Yet, while there has been such a long silence from this end, things have been gathering momentum and it is time to take stock and be encouraged that I have actually made a difference in at least some lives at World Mate Emergency Hospital in Battambang, as well as in the lives of others outside the hospital. Let me tell you about some of them.
I started in my role of Activities Coordinator on October 6 last year. My first few encounters with patients involved taking games and activities into the wards to help occupy some very bored children. This became the main activity every afternoon and I was received with enthusiasm.
One of the first adult patients in whose life I was able to make a difference was Sam In (pictured above). Like so many others here, she is a victim of a serious motorbike accident. Having seen her bright smile (despite the tragedy of having lost a leg), I approached her to see if she would like to meet up with me regularly to learn some form of handcraft. As we talked, she told me she knew how to “knit with one needle” (i.e. crochet) but would like to learn to knit with two needles. I knew I could help with that request, so, armed with some wool and knitting needles given by the Care for Cambodians group in Melbourne, I went and sat at her bedside every morning and taught her to knit. It wasn’t long before other patients and caregivers joined us and I was soon supplying quite a few ladies with wool and knitting needles so they could knit as well.

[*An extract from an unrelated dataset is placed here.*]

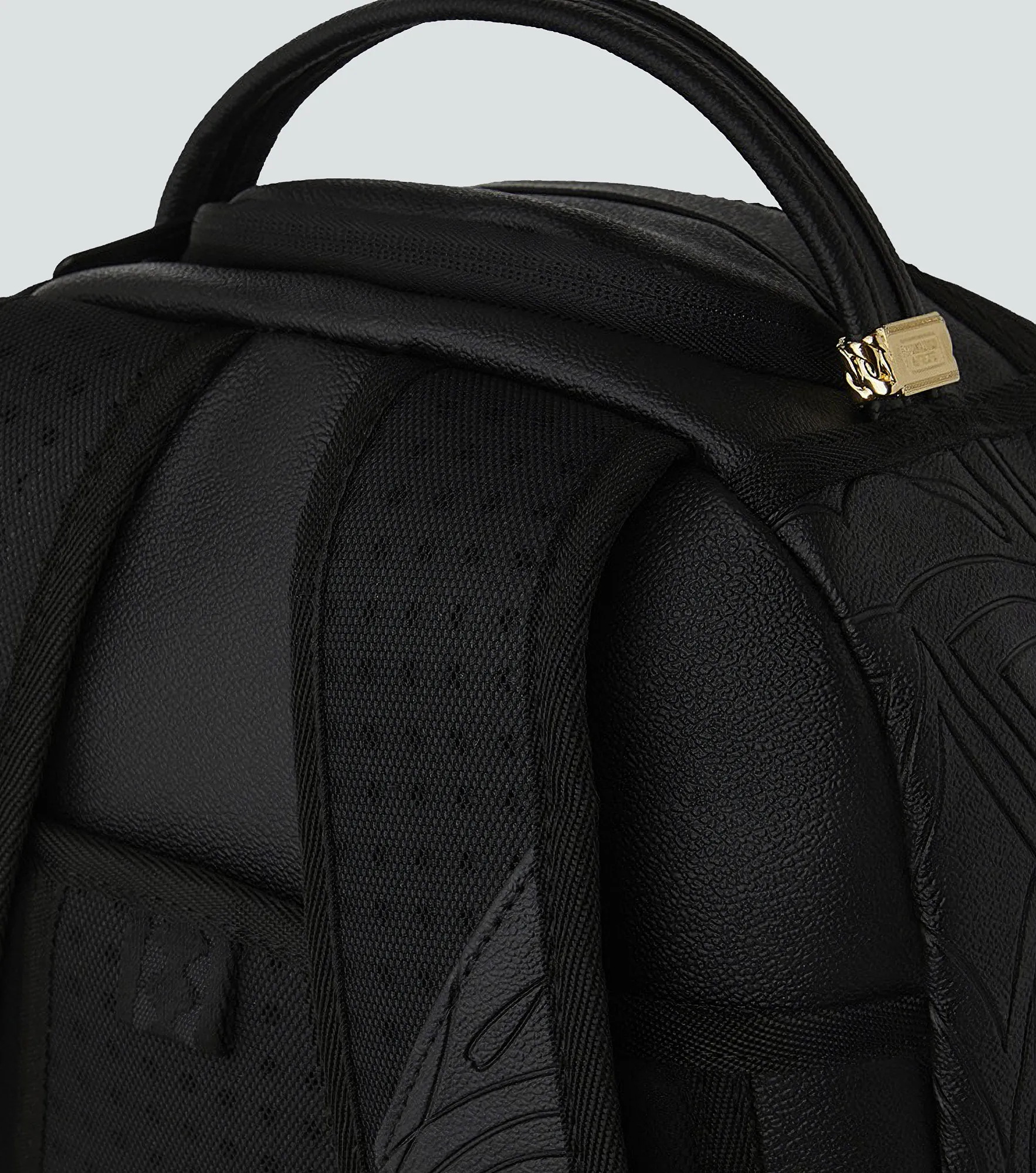 Morral Sprayground Tonal Monogram Emboss Shark 132626 NG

Once I had taught them how to cast on and off and do some basic stitches, I found their creative brains kicked in and they were working out, without any pattern to follow or input from me, how to make hats, scarves and bags.
The day before Sam In was discharged from hospital, she shared a bit more of her story with me. I was saddened to learn that the motorcycle accident which took her leg also took the life of her 14 year old daughter. Sam In’s husband and another daughter were also in the accident but had already been discharged from hospital. I felt incredibly privileged – and humbled – to have been able to brighten the life of this special lady, whose life was changed forever on the day of the accident. When she left hospital, she took with her a large bag of wool so she could keep on knitting at home. As she left I said goodbye to her at the hospital gate. She looked a different person, beautiful and radiant, no longer dressed in hospital clothing, but in a new dress which cleverly hid her stump.
Then there was Phai, whom I discovered had no clothes to wear home when it came time for her to be discharged. This is a common scenario, as the clothing in which they arrive at the hospital is often ruined in the accident which caused them to come here. If they are from a long way away, they don’t have family members visiting to provide clothes – and often the family is too poor anyway. I was able to provide clothes for her to wear home, as the Curtin University interns left me with some clothing they didn't want to carry back to Australia.